TP Testers are mostly ex-traffic police officers who have had a great deal of experience in driving rules and techniques, but search online and you will be able to find a great amount of people who were failed by these testers for stupid mistakes, with some mistakes they weren’t aware of committing! So in this article, we should look at some tips and good habits to inculcate into yourself in order to pass the Singapore driving test (for private candidates, renting your instructors car to take the test is easily $200).

Blind Spot

Sounds familiar? But it’s not just forgetting to check blind spot, or that the tester did not notice you checking your blind spot and penalized you for it. The key to this is checking your blind spot at the right time and in the right way. The proper way firstly is to turn your head enough to shoulder level, meaning your face should be in line with your shoulder. Secondly, check your blind spot before you turn your steering wheel, and you might want to check again while you turn your steering wheel, but most importantly, it’s to check at these two timings, not too early and not too late, if not you should be penalized. This is one of the most common mistakes in the Singapore driving test.

On top of this, if you still feel insecure on whether the tester will spot you checking blind spot, you can announce it while you do it (e.g. saying, “Checking blind spot now!”), and no faults will be given.

Wrong turning radius

New drivers taking the Singapore driving test tend to turn into the wrong lane, or not turn enough to fit the turning angle correctly. Remember that the steering wheel can still be adjusted while doing the turn, so don’t panic if you find yourself making the turn too wide or too narrow. You can adjust while you turn, just don’t jerk the steering wheel. Try not to turn to quickly either or you may tend to hit the kerb especially in the circuit.

Clutch Control

For manual learners, it is important to have good clutch control, which is why you practice before taking the Singapore driving test. It’s best to practice with the same car as much as possible because every clutch has different biting points, during the test, use the vehicle with the clutch you’re most confident with as it makes a difference whether you’re telling your tester that you’re ready for a license, or a headbanging session in the middle of the road during your Singapore driving test.

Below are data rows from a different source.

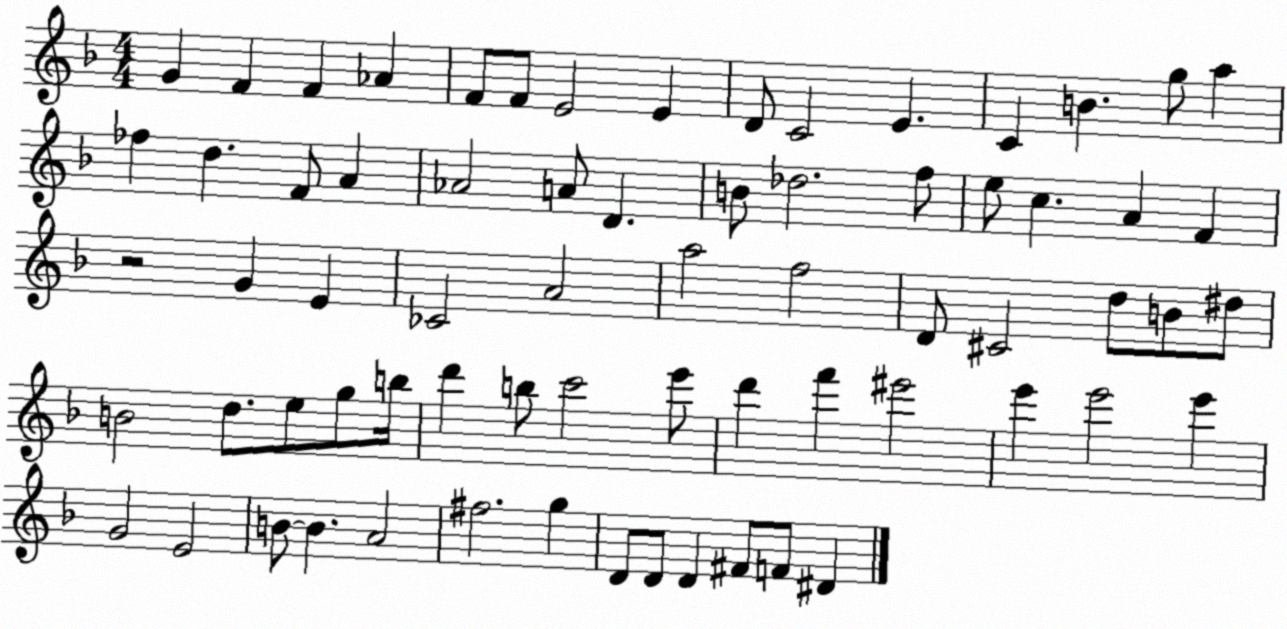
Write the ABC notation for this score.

X:1
T:Untitled
M:4/4
L:1/4
K:F
G F F _A F/2 F/2 E2 E D/2 C2 E C B g/2 a _f d F/2 A _A2 A/2 D B/2 _d2 f/2 e/2 c A F z2 G E _C2 A2 a2 f2 D/2 ^C2 d/2 B/2 ^d/2 B2 d/2 e/2 g/2 b/4 d' b/2 c'2 e'/2 d' f' ^e'2 e' e'2 e' G2 E2 B/2 B A2 ^f2 g D/2 D/2 D ^F/2 F/2 ^D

Poor Judgement on the Road

If you ask me, by the time you’re going for your Singapore driving test and you have no good judgment on the road (e,g. you’re not confident of whether to move off or whether the car approaching is far enough for you to make the turn safely), you shouldn’t get your license yet because you’ll just be a road hazard. Testers do look out for that and especially for how you react to unforeseen circumstances. Key point is to keep your courtesy on the road and in the circuit, and although you know you’re the king in the circuit, be polite and give a thank you hand signal to the other cars that let you pass. It leaves a good impression. For making a turn at a big junction, as mentioned above that you’re not confident of doing so, don’t take the test, it’ll save lives in case somehow you escape the eyes of your tester.

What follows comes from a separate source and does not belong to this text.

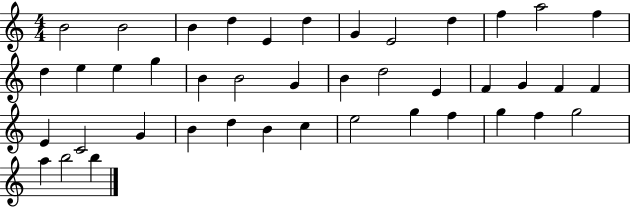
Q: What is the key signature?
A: C major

You can drive really well and feel confident that you can pass the test, and high speeds aren’t a problem for you and you want to prove it to your tester. The best way is to drive between 40-45km/h steadily, for it’s not about the speed. Overconfidence often leads to speeding, something which you may not be conscious about since you’re already used to that speed. Also, remember that there’s no speedometer in front of the tester, so it’s really up to how fast he feels you’re going. No use trying to argue you’re going 48km/h instead of being accused going over 50km/h during your Singapore driving test.

Wayang? No need!

I’ve read some people say in forums to “wayang” your way through. Including how you dress and what you wear. Honestly I don’t think it makes much of a difference if you really cannot make it in terms of driving. Leave a good impression by being polite and show you’re there to pass. You don’t have to act your way through the test, or comment that he’s handsome or wear the shortest skirt you have for ladies.

Hopefully this article helps calm the nerves of those who are going for the Singapore driving test. Remember, drive safely and you’ll pass. Keep the good habits and get rid of bad ones and the roads will be better. Soon I might write about some good/bad habits noticed in Singaporean Drivers. Do look out for it!